I have never done design work, but this system makes a lot of sense to me for
all sides. If you hire a high end designer you may not want to pay the same
high end rates for that designer to do the HTML / CSS as well. That same high
end designer may not want to bother with that sort of work, especially if that
person has a lot of design work queued up.

Because there are a lot of choices for people who can do HTML / CSS, I
wouldn't expect the designer to do this, especially if that designer is great
to work with (great to work with is highly valuable in the freelance world.)

HTML / CSS is easy enough to pick up that designers should know it, but I
don't think it should be a requirement. The only time I have seen problems
with this is with designers who have a heavy print background and hand over a
design which would looks like it belongs in a magazine or brochure.

Another thing to consider is that the fastest front-end developers are those
who do a lot of it. If I'm in a crunch for time, I would rather hire someone
who is a specialist on the front end who could pump out the work much faster
than someone who spends far more time in design than development.

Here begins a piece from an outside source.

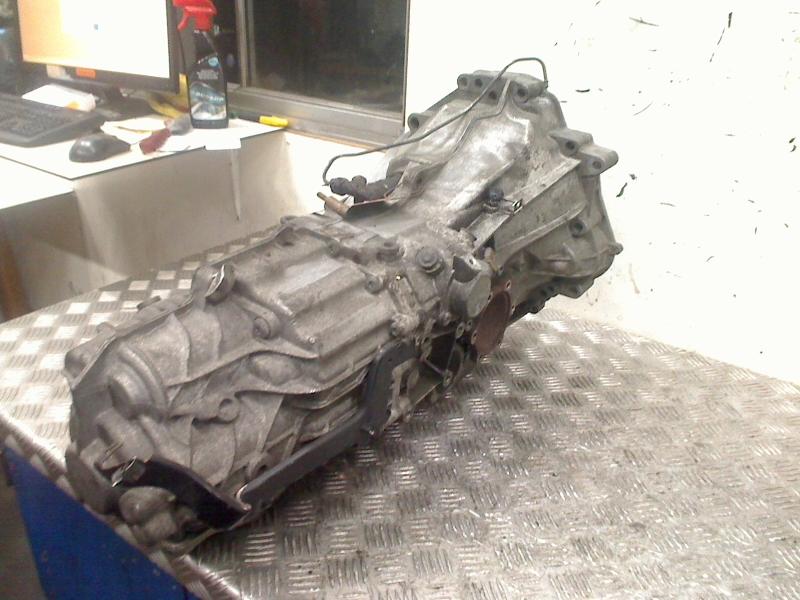 Versnellingsbak Schakel Audi A6 (C6) 2005 0069055HVD, Auto-onderdelen, Gebruikt, Auto-Union-Straße  1, Ingolstadt 85057, , Duitsland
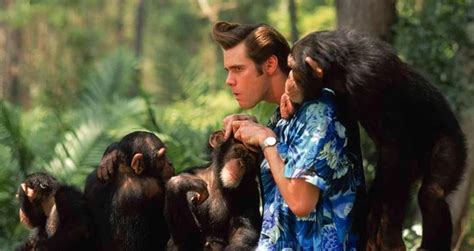 Ace Ventura 3: Jim Carrey Meşhur Rolüne Geri Dönebilir – Kayıp Rıhtım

EDIT: Actually, I think I veered away from the question.

Should web designers KNOW HTML / CSS? Yes. I think it would be difficult to
get to the point of supporting yourself as a freelance web designer without
learning HTML / CSS somewhere along the way.

Should web designers be expected to do HTML / CSS work? Not necessarily.

------
proexploit
It sounds to me as though you might be expecting the web designer to be both a
designer and a frontend developer. It's critical that any web designer knows
enough about HTML/CSS to know the limitations of the medium and what they can
design but not necessarily enough to code it.

I think ideally, both the designer and frontend developer should be capable of
slicing up a PSD. I'm a frontend developer, and I prefer to do that myself so
I can save things in the optimal sizes and filetypes for my workflow. If the
designer does it, they will be creating slices based on their opinion of how
the website should be coded.

I don't think the responsibility for JavaScript is a gray area at all, it
falls on the developer. It becomes a gray area when you remove one of the
pieces of the puzzle, the frontend developer.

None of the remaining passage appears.